Give yourself a week to invent a sensational plot, and then a fortnight for the writing. Have it ready for the new season at the end of October. If you like, don’t put your name to it; your name certainly would have no weight with this sort of public. Just make it a matter of business, as Mr Milvain says, and see if you can’t earn some money.’
He stood and regarded her. His expression was one of pained perplexity.
‘You mustn’t forget, Amy, that it needs a particular kind of faculty to write stories of this sort. The invention of a plot is just the thing I find most difficult.’
‘But the plot may be as silly as you like, providing it holds the attention of vulgar readers. Think of “The Hollow Statue”, what could be more idiotic? Yet it sells by thousands.’
‘I don’t think I can bring myself to that,’ Reardon said, in a low voice.
‘Very well, then will you tell me what you propose to do?’
‘I might perhaps manage a novel in two volumes, instead of three.’
He seated himself at the writing-table, and stared at the blank sheets of paper in an anguish of hopelessness.
‘It will take you till Christmas,’ said Amy, ‘and then you will get perhaps fifty pounds for it.’
‘I must do my best. I’ll go out and try to get some ideas. I—’
He broke off and looked steadily at his wife.
‘What is it?’ she asked.
‘Suppose I were to propose to you to leave this flat and take cheaper rooms?’
He uttered it in a shamefaced way, his eyes falling. Amy kept silence.
‘We might sublet it,’ he continued, in the same tone, ‘for the last year of the lease.’
‘And where do you propose to live?’ Amy inquired, coldly.
‘There’s no need to be in such a dear neighbourhood. We could go to one of the outer districts. One might find three unfurnished rooms for about eight-and-sixpence a week—less than half our rent here.’

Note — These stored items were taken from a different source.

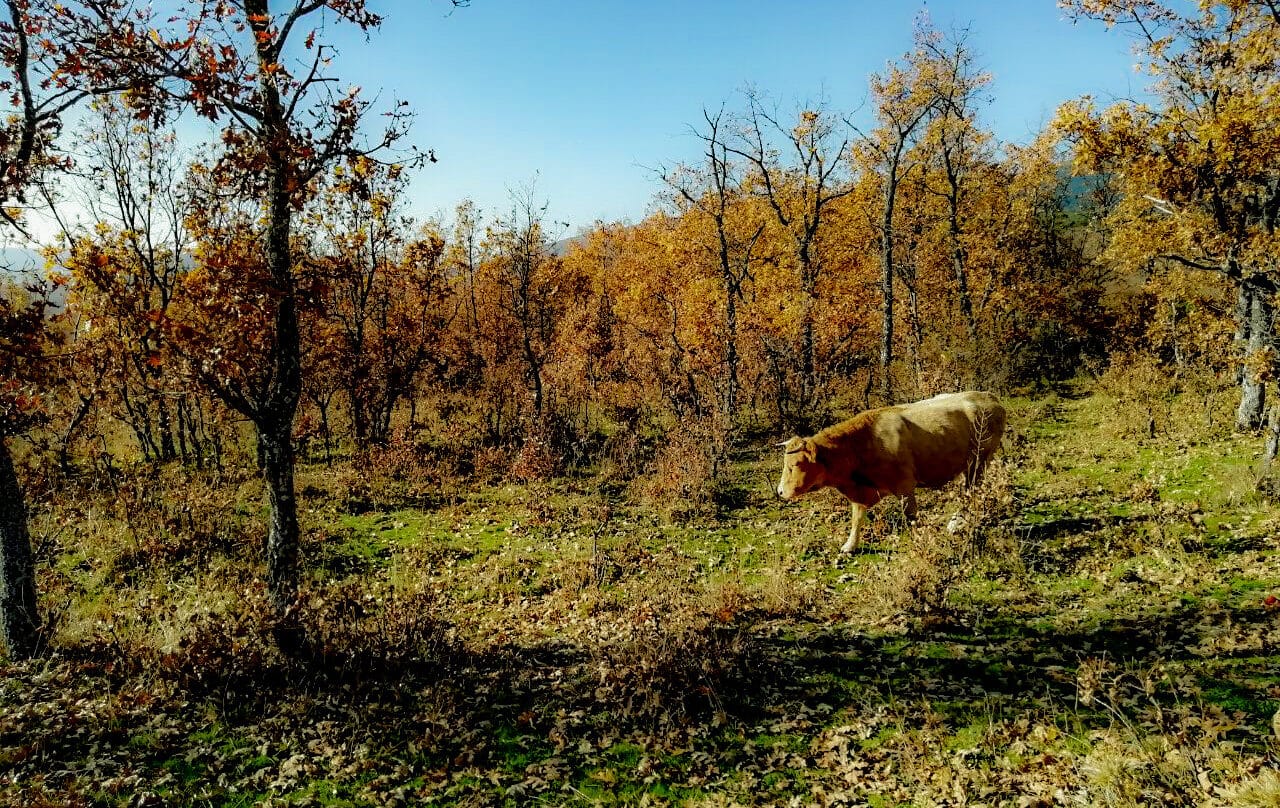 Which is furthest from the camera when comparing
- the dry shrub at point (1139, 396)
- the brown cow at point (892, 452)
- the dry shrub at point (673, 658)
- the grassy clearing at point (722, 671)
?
the dry shrub at point (1139, 396)

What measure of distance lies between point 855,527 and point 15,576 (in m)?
13.9

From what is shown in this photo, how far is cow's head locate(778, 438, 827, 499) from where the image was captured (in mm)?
12578

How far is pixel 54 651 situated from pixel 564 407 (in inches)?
911

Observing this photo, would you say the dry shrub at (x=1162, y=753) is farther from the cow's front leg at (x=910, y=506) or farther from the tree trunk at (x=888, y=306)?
the tree trunk at (x=888, y=306)

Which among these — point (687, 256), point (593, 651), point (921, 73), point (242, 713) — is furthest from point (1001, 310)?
point (242, 713)

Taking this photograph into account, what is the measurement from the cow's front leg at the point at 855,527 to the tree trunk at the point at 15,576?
13506 millimetres

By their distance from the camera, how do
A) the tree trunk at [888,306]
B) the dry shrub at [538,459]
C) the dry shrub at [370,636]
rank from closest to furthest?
1. the dry shrub at [370,636]
2. the dry shrub at [538,459]
3. the tree trunk at [888,306]

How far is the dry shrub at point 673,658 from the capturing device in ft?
25.2

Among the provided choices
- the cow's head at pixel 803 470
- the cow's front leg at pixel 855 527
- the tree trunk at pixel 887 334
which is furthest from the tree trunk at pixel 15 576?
the tree trunk at pixel 887 334

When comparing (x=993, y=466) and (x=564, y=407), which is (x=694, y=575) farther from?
(x=564, y=407)

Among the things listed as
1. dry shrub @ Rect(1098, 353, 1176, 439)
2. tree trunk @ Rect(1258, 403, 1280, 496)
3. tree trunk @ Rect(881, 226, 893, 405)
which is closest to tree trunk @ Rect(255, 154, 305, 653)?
tree trunk @ Rect(1258, 403, 1280, 496)

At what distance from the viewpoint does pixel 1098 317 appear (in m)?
36.1

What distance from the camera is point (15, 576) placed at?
9.66 metres

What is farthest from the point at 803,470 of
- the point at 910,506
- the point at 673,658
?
the point at 673,658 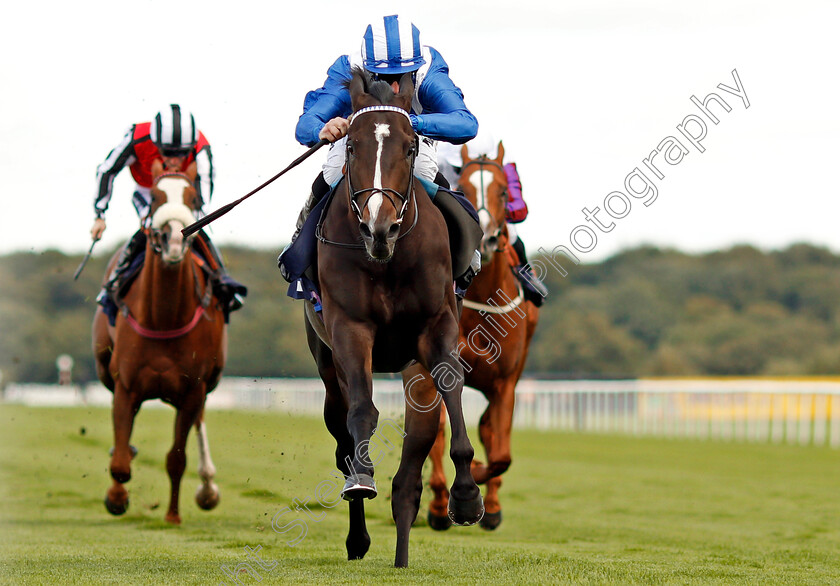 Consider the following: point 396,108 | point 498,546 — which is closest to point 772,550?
point 498,546

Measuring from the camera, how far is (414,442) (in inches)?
222

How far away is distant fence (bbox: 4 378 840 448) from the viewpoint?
64.8 feet

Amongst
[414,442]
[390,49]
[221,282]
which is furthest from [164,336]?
[390,49]

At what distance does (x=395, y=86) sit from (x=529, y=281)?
11.2 ft

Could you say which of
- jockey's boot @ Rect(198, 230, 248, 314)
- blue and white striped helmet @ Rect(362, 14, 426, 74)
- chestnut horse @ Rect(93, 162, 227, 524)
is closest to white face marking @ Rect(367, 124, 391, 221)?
blue and white striped helmet @ Rect(362, 14, 426, 74)

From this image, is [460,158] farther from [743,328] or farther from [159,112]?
[743,328]

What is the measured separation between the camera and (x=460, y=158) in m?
8.42

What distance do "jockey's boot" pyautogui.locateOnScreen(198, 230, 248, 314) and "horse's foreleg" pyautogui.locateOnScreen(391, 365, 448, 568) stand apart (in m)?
3.21

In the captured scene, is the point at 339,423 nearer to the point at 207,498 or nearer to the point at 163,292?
the point at 163,292

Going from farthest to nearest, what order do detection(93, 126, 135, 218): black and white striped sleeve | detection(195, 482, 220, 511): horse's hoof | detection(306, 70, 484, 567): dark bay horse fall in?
detection(195, 482, 220, 511): horse's hoof
detection(93, 126, 135, 218): black and white striped sleeve
detection(306, 70, 484, 567): dark bay horse

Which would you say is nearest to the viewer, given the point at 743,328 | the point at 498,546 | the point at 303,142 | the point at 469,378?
the point at 303,142

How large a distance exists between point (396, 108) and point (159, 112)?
12.2 feet

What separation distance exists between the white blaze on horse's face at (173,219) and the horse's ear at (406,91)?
8.73 ft

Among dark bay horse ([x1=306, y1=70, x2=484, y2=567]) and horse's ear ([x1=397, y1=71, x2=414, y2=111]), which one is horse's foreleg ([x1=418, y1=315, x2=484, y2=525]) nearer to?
dark bay horse ([x1=306, y1=70, x2=484, y2=567])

‘You must do as seems good to you.’
‘For Heaven’s sake, Amy, don’t speak to me in that way! I can’t stand that! Surely you can see that I am driven to think of every possible resource. To speak like that is to abandon me. Say you can’t or won’t do it, but don’t treat me as if you had no share in my miseries!’
She was touched for the moment.
‘I didn’t mean to speak unkindly, dear. But think what it means, to give up our home and position. That is open confession of failure. It would be horrible.’
‘I won’t think of it. I have three months before Christmas, and I will finish a book!’
‘I really can’t see why you shouldn’t. Just do a certain number of pages every day. Good or bad, never mind; let the pages be finished. Now you have got two chapters—’
‘No; that won’t do. I must think of a better subject.’
Amy made a gesture of impatience.
‘There you are! What does the subject matter? Get this book finished and sold, and then do something better next time.’
‘Give me to-night, just to think. Perhaps one of the old stories I have thrown aside will come back in a clearer light. I’ll go out for an hour; you don’t mind being left alone?’
‘You mustn’t think of such trifles as that.’
‘But nothing that concerns you in the slightest way is a trifle to me—nothing! I can’t bear that you should forget that. Have patience with me, darling, a little longer.’
He knelt by her, and looked up into her face.
‘Say only one or two kind words—like you used to!’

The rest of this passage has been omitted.